Bienvenue dans le village global!

Internet a-t-il rétréci le monde, ou l’a-t-il plutôt fragmenté jusqu’à le rendre complètement illisible? Difficile d’exprimer la notion d’espace dans la sphère numérique. Alors référons-nous à Marshall McLuhan, influent théoricien des médias, qui esquissait voilà plus d’un demi-siècle l’idée de sociétés tribales numériques.

Article du thème Global - Local
Illustrations: Claudine Etter

Des élections auront lieu en novembre aux États-Unis. Des élections importantes. Il est, comme toujours, délicat d’exhumer les affirmations de philosophes de leur temps et autres prophètes pour en parler. Marshall McLuhan, théoricien de la communication, ne fait pas exception à la règle. Jamais avare d’une interprétation croustillante de son époque, il déclarait en 1969 dans Playboy, qui était alors un magazine sociopolitique de référence: «Dans notre monde logiciel de transmission électronique et immédiate des communications, la politique passe de l’ancien modèle de représentation à une nouvelle forme de participation communautaire, spontanée et instantanée. (...) Les élections comme nous les connaissons n’auront un jour plus de sens.» 

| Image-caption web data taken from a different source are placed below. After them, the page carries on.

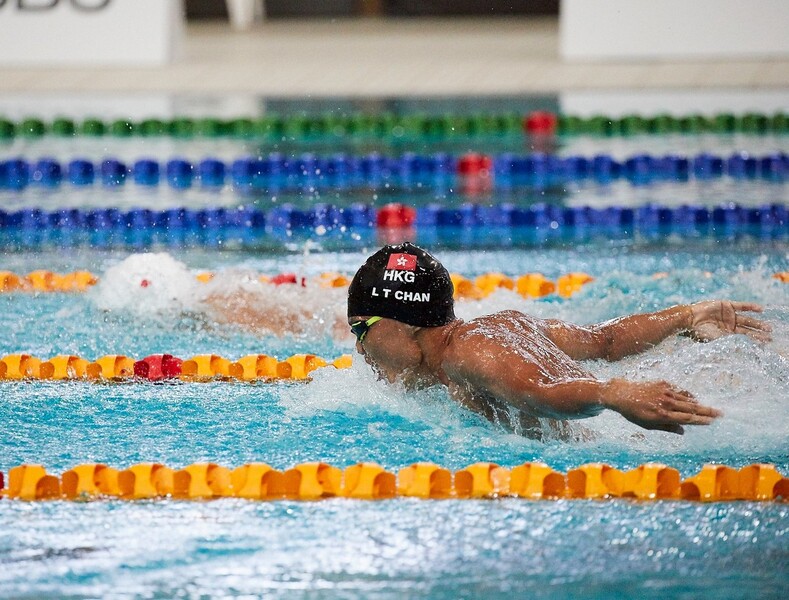 Chan Long-tin (photo:&nbsp;Hong Kong Sports Association for Persons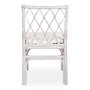 DKD Home Decor Silla Top chairs 2c24 Blanco 56 x 85 x 50 cm (2 Unidades)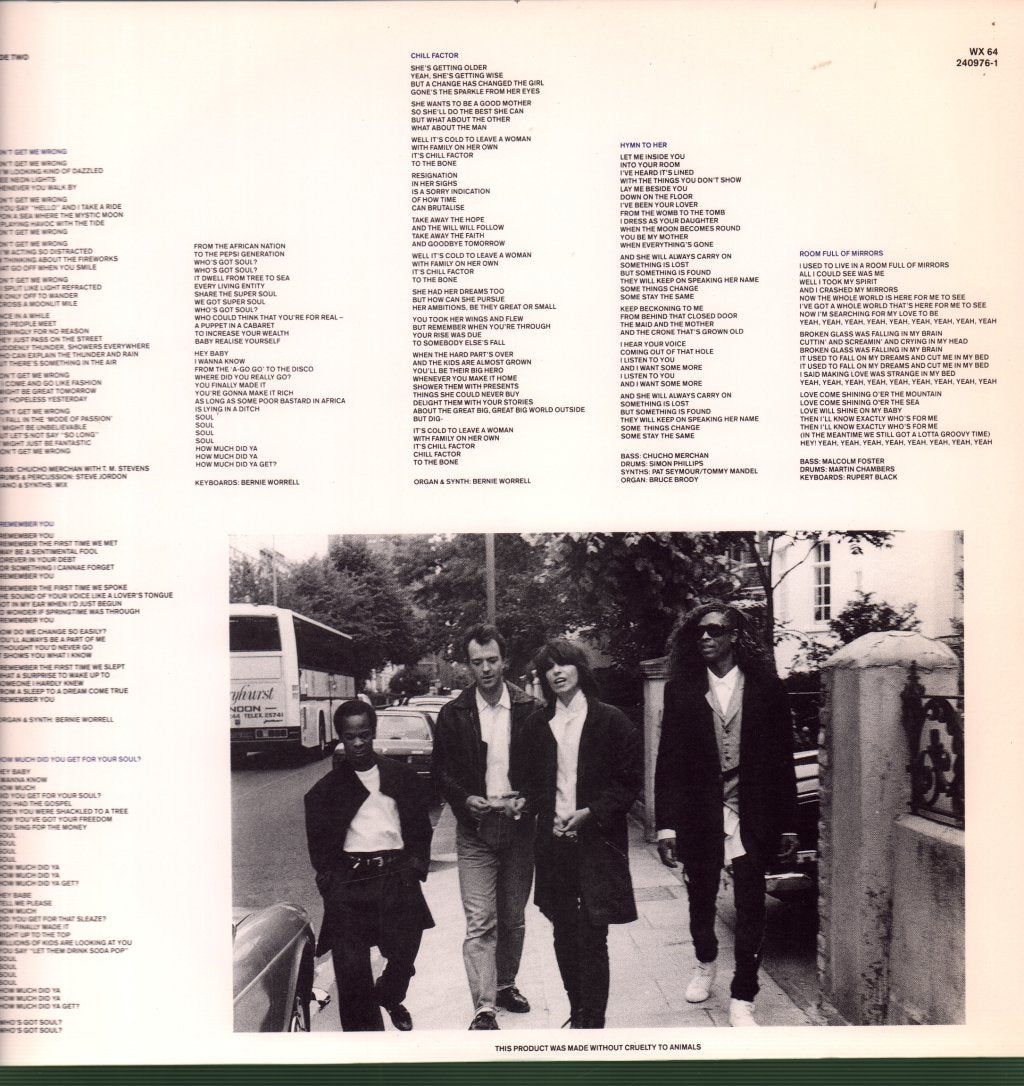 Pretenders - Get Close - Lp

La télévision: naissance d’une révolution culturelle 
Cet enfant terrible du monde universitaire a été longtemps déconsidéré par les milieux spécialisés. Pourtant, émises à la préhistoire de la révolution numérique, ses idées avaient de quoi séduire. La notion la plus marquante est sans doute celle de «village planétaire»: «l’interdépendance nouvelle imposée par l’électronique recrée le monde», formule Marshall McLuhan de manière un peu alambiquée. Aujourd’hui encore, on recourt volontiers au terme de «village global» pour décrire l’abolition des distances dans le numérique, la possibilité de tout savoir à tout moment, d’être en contact direct avec d’autres personnes sur toute la planète. L’amie australienne sur Facebook est comme une voisine; le groupe d’activistes véganes sur Telegram remplace le cercle de proches. Lorsque M. McLuhan peaufinait ses idées au début des années 1960, il ne connaissait bien entendu rien de tout cela. À ce moment, la télévision – média qui exigeait «une forte participation et implication de toute la personne» et avait «élevé à l’extrême notre conscience générale du sens et de la forme de la vie ainsi que des événements mondiaux» – l’impressionnait beaucoup. De telles déclarations sonnent étrangement soixante ans plus tard, mais il avait peut-être raison d’affirmer que la télévision avait déjà initié la révolution culturelle. Pour Marshall McLuhan, le succès du tube cathodique a marqué la fin de la «galaxie Gutenberg» qui, reposant sur l’écriture, nous avait apporté les Lumières, la pensée analytique ainsi qu’une vision objective et distanciée du monde. Le théoricien des médias voyait arriver une nouvelle ère, qui allait nous rapprocher des origines de la civilisation. Il a inventé à cette fin le terme de «retribalisation», soit la réunification des gens «dans un nouvel état d’existences tribales multiples». M. Mc Luhan considérait l’humain alphabétisé comme un être aliéné et appauvri, auquel il opposait l’humain «retribalisé», capable de «mener une vie beaucoup plus riche et épanouie— non pas celle d’un robot sans conscience, mais celle d’un-e participant-e à un réseau sans faille de solidarité et d’harmonie mutuelles.»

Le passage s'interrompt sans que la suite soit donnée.